10.Bölüm

975 52 5
                                    

Kazım sanki hiçbir şey yaşanmamışçasına yalıda rahat rahat dolaşıp salona indi. Seyran'a elini uzatarak "Kızım gel öp bakalım babanın elini. Hadi benim güzel kızım."dedi.

Seyran isteme istemeye olsada öptü. Aralarının bozuk kalmasını istemiyordu ancak artık eskisi gibi de davranmayacaktı babasına karşı.Her zamankinden daha dik ve daha özgüvenliydi. Kendini babasına dahi ezdirmemeye kararlıydı.

Kazım bu sefer Ferit'e uzattı elini.

"Gel, öp bakayım damat. Duyduğuma göre tekrar damadım olmuşsun yasal olarak. Madem öyle gel öp elimi aradaki bu küslüğü kaldıralım."

Kazım bu işgüzar davranışlarıyla şirketteki yerini geri alabilmeyi ve eskisinden daha da sağlamlaştırmak istiyordu. Fuat öldükten sonra şirketin kalacağı tek kişi Ferit olduğu için arayı her zamankinden sıkı tutmak istiyordu.

Ferit kazımın elini tutup tokalaşır gibi yaptı.

"Umarım kaldırabiliriz, kazım bey."dedi yalandan sırıtarak.

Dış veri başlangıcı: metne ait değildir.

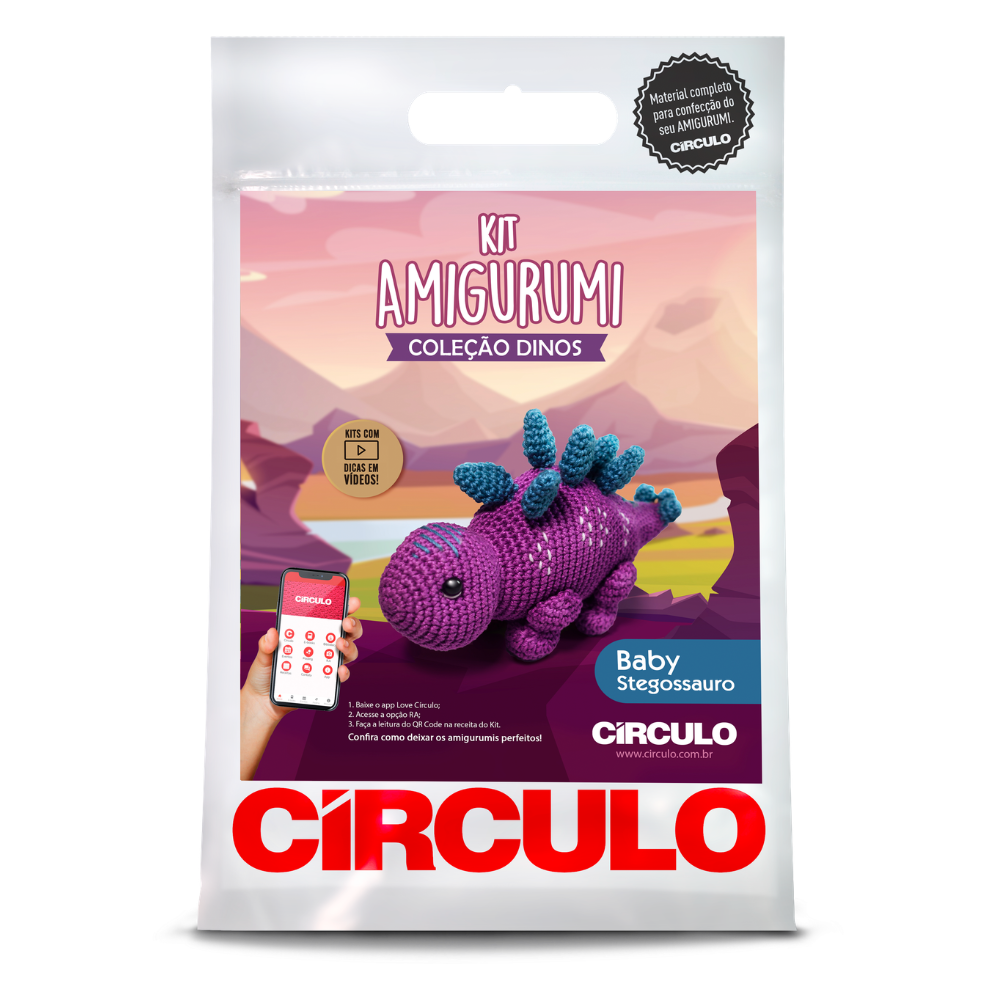 Kit Amigurumi Dinossauros Círculo Cor 02 Stegossauro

Kazım bozulmuştu ancak belli etmedi.

"Babaya noldu oğlum? Peki peki öyle olsun damat.
Nasıl olsa gönlünü alırım senin."deyip odadaki herkesle kısa kısa selamlaşıp yalıdan ayrıldı.
__________
Babam gittikten sonra odamıza çıktık Ferit'le.
Okul heyecanımı babamın gelişi bile söndürememişti bu yüzden hala çok coşkulu davranıyordum.

"Ferit, Ferit!"
"Efendim aşkım"
"Hadi oturmayalım böyle. Bir şeyler yapalım yemeğe kadar."
"Olur bebeğim. Ne yapalım istersin?"
"Immm bilmem. Aa dur buldum."
"Neymiş?"
"Odamıza aldığımız masa tenisi masamız vardı. Orada bir kaç el oynayalım benim bu enerjimi atmam lazım."
"Hayatım, enerjimizi başka şekilde de atabiliriz."
"Cıvıma hemen Ferit ya!"
"Tamam, tamam. Hadi bi ifadeni alayım. Şu arka kısıma koydurmuştum masayı oraya geçelim."

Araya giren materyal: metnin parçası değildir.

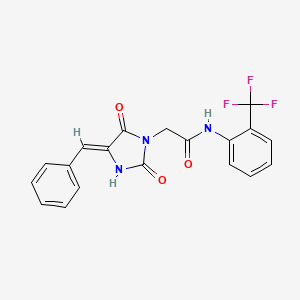 molecular formula C19H14F3N3O3 B2623768 2-[(4Z)-4-benzylidene-2,5-dioxoimidazolidin-1-yl]-N-[2-(trifluoromethyl)phenyl]acetamide CAS No. 880796-43-0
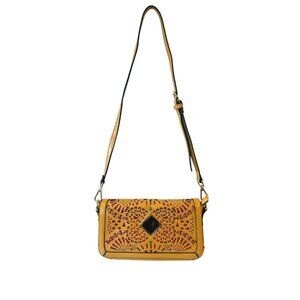 Nicole Lee Shoulder Handbag Purse Mustard Yellow Cut Out Rinestones Faux Leather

Sonra Ferit'le birkaç el oynadık kazanan ben olmuştum. Sonrasında odadaki dartla da birkaç el oynayınca Ferit kendini koltuğa atarak "Seyran ben yoruldum ya" dedi.

"Ya kıyamam. Sen yoruldun mu?"diyerek yüzünü ellerimin arasına alıp bebek gibi sevmeye başladım.
Ellerimi uzaklaştırıp "Ya dalga geçme cidden yoruldum."deyip elimden tutup kaldırdı beni.
"Hadi yemeğe"
"Aa evet yemek vakti gelmiş"
El ele aşağı inip Halis ağanın gelmesini bekledik masada.
__________
Halis ağanın gelmesiyle yemeğe başladık.Her zamanki masa sohbetlerimizi ediyor yemeğimizi sakince yiyorduk.

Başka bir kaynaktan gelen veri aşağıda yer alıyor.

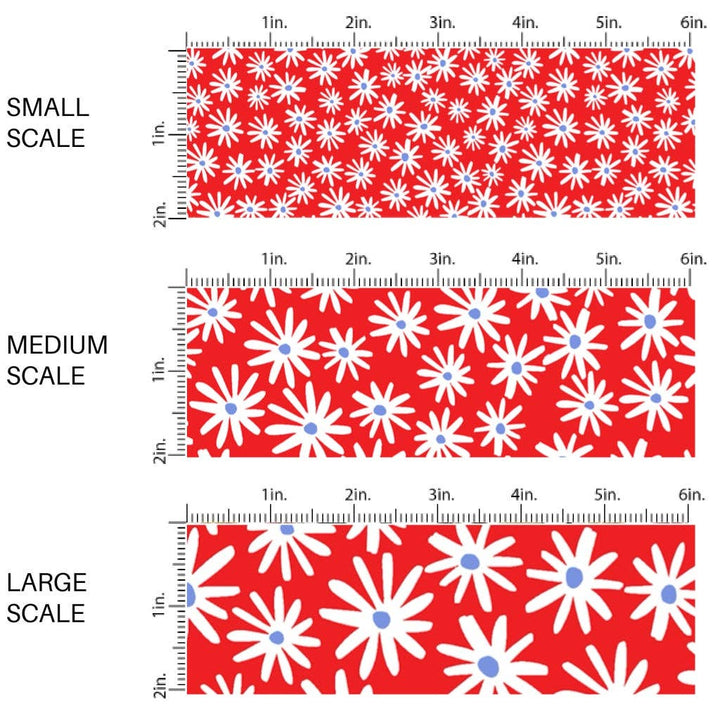 Cherry Red Daisies Fabric By The Yard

Derken Latif efendi Halis ağanın kulağına eğilip birşeyler fısıldadı.

Halis ağa "Ne, şimdi mi? Burda mı?"diyerek heyecanla ayağa kalkınca bizde ne olduğunu anlamaya çalışıyorduk ve hep birlikte ayaklandık.

İçeri uzun boylu, kemikli yüz hatlı, hafif kıvırcık saçlı, sakallı biri girdi.

Kim olduğunu anlayamamıştım.
Halis ağa ona "Oğuz hoşgeldin oğlum." diye yaklaşıp sarılınca Ferit'e baktım.

Gelen kişiden hiç hoşlanmışa benzemiyordu. Oğuz sırayla tek tek herkesle kucaklaştı. Bana gelince tokalaşmak için uzatmış olduğum elimi öptü ve "Sen de Seyran olmalısın."dedi.

"Ben Ferit'in kuzeniyim, Halis ağanında torunu."
"Memnun oldum."dedim elimi geri çekerken.
Ferit'e baktığımda iyice huzursuzlandığını anladım.

Halis ağa herkesi tekrar masaya oturmaya çağırdı ve hep birlikte yemeğe başladık.

Oğuz ona sorulan soruları kısa cevaplarla alelade geçiştiriyordu. Bakışlarını sürekli üzerimde hissediyordum. Ferit ise tüm yemek boyunca ağzını açıp bir şey demedi. Canı epey sıkılmıştı.
Dedesini mi kıskanmıştı yoksa beni mi?